Es que al poner en práctica un tipo de educación que provoca
críticamente la conciencia del educando, necesariamente
trabajamos contra algunos mitos que nos deforman. Al cuestionar
esos mitos también enfrentamos al poder dominante, puesto
que ellos son expresiones de ese poder, de su ideología.
Cuando comenzamos
a ser asaltados por miedos concretos, tales como el miedo
a perder el empleo o a no alcanzar cierta promoción, sentimos
la necesidad de poner ciertos límites a nuestro miedo.

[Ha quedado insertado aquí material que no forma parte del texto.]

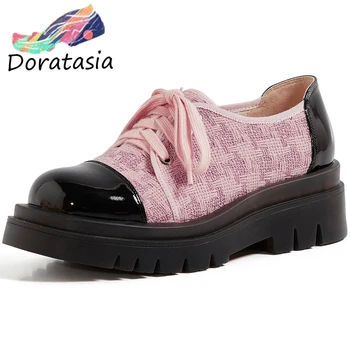 

DORATASIA Women Lace Up Chunky Heel Platform Shoes Casual Pumps Women Fashion Brand Round Toe Patchwork Spring Pumps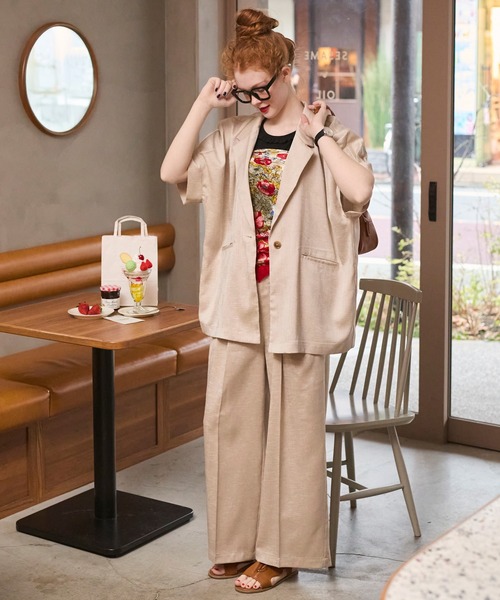BONLECILL(ボンルシール)の「【セットアップ対応】フェイクリネン パーフェクトシルエットTタックワイドパンツ(スラックス・レディース・チャコールグレー/アイボリー/ブラック/ブラウン/ベージュ・L/M)」の14枚目の写真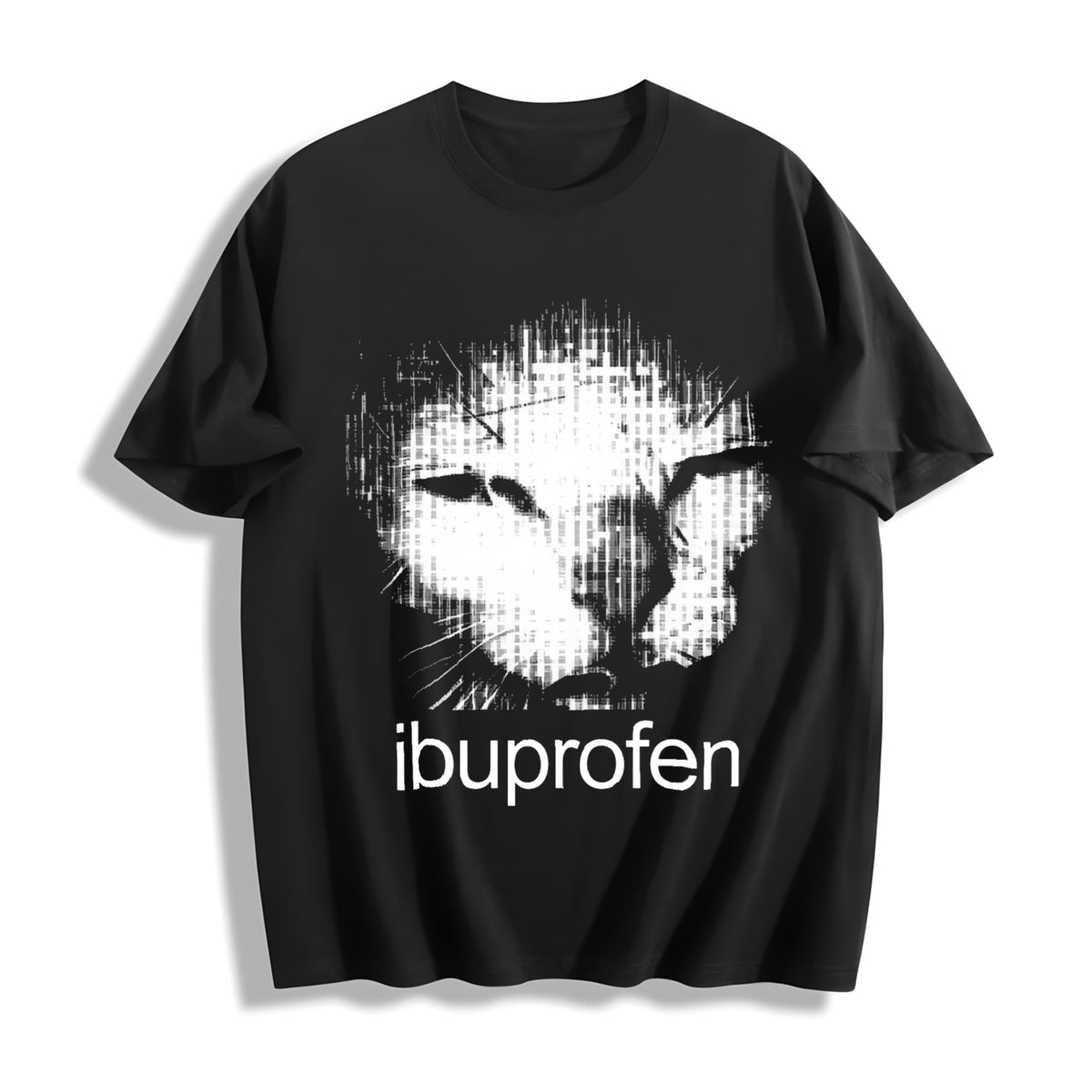 Premium Ibuprofen Cat Meme Cotton T-Shirt in Black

Antes
que nada reconocemos que sentir miedo es manifestación de
que estamos vivos. No tengo que esconder mis temores. Pero
lo que no puedo permitir es que mi miedo me paralice. Si
estoy seguro de mi sueño político, debo continuar mi lucha
con tácticas que disminuyan el riesgo que corro. Por eso
es tan importante gobernar mi miedo, educar mi miedo, de
donde nace finalmente mi valentía. Es por eso por lo que
no puedo por un lado negar mi miedo y por el otro abandonarme
a él, sino que es preciso controlarlo, y es en el ejercicio
de esta práctica donde se va construyendo mi valentía necesaria.
Es por esto
por lo que hay miedo sin valentía, que es el miedo que nos
avasalla, que nos paraliza, pero no hay valentía sin miedo
que es el miedo que, “hablando” de nosotros como gente,
va siendo limitado, sometido y controlado.